Staying true to the slapstick nature of the television program it emulates, I Love Lucy Live On Stage elicits laughter at a minimum of perhaps once every two minutes. The entire cast is vastly skilled in comedy, with especially hilarious performances by ensemble member Denise Moses in various roles including an audience-planted “I Love Lucy” fanatic with stage fright, a singing and tap dancing Speedy alka seltzer tablet, and a “Pleasant Peasant” in an alliterative operetta involving milkmaids. With 4 actors onstage for the majority of the play (Thea Brooks as Lucy, Euriamis Losada as Ricky, Kevin Remington as Fred, and Lori Hammel as Ethel) and 9 other actors playing a total of 38 additional parts,Lucy Live is truly an ensemble effort.
The set is simple, and it works: colored lights hang over the alternately curtained-off stage sets of Lucy and Ricky’s apartment and the club where Ricky sings. Cameras are wheeled around onstage as ‘50s commercials are re-enacted and the eccentric Desilu Playhouse Host, played by Mark Christopher Tracy, explains the filming process to the audience. (Fourth wall? What fourth wall?)

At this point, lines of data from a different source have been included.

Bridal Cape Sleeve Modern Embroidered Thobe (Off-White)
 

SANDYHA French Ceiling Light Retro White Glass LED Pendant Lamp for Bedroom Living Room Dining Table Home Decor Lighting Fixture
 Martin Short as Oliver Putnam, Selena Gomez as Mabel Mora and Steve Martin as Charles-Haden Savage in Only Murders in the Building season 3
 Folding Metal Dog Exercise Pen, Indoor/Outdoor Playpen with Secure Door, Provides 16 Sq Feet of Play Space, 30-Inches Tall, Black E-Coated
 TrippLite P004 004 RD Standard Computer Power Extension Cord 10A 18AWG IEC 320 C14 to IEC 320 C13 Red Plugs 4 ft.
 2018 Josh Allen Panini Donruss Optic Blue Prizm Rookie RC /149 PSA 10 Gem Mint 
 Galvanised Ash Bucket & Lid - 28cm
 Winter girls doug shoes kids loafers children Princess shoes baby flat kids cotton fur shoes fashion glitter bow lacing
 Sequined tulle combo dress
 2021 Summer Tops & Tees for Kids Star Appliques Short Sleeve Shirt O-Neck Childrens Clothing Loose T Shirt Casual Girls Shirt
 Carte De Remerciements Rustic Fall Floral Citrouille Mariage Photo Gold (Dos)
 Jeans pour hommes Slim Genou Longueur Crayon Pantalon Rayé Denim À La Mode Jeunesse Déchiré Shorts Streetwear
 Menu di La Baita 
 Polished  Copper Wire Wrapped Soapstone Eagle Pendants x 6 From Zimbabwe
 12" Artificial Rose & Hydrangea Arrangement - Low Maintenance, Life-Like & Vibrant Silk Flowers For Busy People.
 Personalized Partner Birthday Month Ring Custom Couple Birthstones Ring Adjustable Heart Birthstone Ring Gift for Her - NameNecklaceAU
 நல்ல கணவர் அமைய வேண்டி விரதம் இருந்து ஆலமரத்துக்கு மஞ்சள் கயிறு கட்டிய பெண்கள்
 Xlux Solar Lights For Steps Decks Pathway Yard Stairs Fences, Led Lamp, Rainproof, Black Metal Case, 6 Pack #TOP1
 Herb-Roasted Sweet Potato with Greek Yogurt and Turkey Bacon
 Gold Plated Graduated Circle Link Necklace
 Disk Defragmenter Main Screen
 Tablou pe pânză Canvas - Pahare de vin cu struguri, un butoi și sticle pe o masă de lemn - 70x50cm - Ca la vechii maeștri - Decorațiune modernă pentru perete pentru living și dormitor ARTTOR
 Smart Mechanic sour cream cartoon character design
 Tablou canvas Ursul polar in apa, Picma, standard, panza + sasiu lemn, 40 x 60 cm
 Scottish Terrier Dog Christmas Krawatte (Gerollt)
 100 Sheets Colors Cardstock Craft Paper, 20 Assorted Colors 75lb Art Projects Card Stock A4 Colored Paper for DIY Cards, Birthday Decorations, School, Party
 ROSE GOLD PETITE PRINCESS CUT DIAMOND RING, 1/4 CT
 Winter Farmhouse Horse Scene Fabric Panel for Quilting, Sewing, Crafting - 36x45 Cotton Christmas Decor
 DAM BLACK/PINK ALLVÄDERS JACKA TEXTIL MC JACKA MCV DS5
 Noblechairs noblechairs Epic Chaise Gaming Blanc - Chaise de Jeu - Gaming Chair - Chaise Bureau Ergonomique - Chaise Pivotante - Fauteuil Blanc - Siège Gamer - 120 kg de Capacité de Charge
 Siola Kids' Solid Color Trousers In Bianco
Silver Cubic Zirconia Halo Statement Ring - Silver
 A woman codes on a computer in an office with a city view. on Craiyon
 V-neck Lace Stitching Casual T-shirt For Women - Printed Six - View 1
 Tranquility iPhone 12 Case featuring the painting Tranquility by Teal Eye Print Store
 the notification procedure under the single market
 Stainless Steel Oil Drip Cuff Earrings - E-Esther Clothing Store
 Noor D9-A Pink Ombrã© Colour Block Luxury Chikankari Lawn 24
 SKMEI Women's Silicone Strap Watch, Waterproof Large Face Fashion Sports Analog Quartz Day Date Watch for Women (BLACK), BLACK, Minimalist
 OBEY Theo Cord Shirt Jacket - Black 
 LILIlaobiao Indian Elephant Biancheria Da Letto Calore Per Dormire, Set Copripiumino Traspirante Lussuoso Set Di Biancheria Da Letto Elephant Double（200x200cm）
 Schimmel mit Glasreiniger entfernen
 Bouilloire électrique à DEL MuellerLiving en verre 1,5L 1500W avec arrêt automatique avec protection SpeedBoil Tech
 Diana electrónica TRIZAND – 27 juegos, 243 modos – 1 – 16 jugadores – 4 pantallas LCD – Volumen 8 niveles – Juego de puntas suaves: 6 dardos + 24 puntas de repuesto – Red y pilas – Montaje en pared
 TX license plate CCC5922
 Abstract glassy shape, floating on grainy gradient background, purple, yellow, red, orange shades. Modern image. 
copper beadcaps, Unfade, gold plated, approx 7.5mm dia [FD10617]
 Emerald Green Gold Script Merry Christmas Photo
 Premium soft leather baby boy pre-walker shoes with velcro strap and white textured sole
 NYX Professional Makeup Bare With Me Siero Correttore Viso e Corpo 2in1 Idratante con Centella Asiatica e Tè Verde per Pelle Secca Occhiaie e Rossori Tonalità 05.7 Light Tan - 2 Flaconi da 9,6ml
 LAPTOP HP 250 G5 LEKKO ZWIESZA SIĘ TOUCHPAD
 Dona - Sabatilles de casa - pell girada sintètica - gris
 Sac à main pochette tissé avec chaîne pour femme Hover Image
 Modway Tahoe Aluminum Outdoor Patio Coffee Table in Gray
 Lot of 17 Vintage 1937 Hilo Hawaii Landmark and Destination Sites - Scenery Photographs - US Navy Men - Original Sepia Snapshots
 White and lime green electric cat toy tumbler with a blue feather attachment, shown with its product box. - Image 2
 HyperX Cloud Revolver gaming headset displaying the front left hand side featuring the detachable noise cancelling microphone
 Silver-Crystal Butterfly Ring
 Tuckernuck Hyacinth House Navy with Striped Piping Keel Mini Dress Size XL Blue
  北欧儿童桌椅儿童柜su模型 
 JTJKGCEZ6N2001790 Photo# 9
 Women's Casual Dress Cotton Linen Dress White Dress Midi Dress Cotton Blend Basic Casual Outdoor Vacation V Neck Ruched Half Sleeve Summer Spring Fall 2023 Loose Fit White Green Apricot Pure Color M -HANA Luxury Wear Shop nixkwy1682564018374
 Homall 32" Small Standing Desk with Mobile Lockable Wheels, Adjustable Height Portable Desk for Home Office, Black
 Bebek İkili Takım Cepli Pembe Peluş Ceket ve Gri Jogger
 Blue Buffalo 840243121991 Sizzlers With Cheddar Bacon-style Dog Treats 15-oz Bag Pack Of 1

I Love Lucy Live Onstage transplants “I Love Lucy” directly and effectively to the stage, and if it were not for the full color (as a character finding themselves on the set of “I Love Lucy” states, “I had no idea Lucy’s hair was that red!”) it would have been easy to forget that I was not in fact sitting in front of the television. I mention this both as a complement to the dedication to and consideration of loyal fans by the creators, cast, and crew and as a criticism of what I see as a missed opportunity: I would have liked to see Lucy Live take a path further behind the scenes, to how the show came to be and to the real lives of Lucille Ball and Desi Arnaz, a path which was not remotely explored. On the whole, Lucy Live is enjoyable, but does not hold a relatively large amount of original content. While I in fact greatly enjoyed I Love Lucy Live On Stage, I find myself asking: If so much of the show is made so as to transport us into a preexisting and well-made television program, why are we spending money to watch it on Broadway?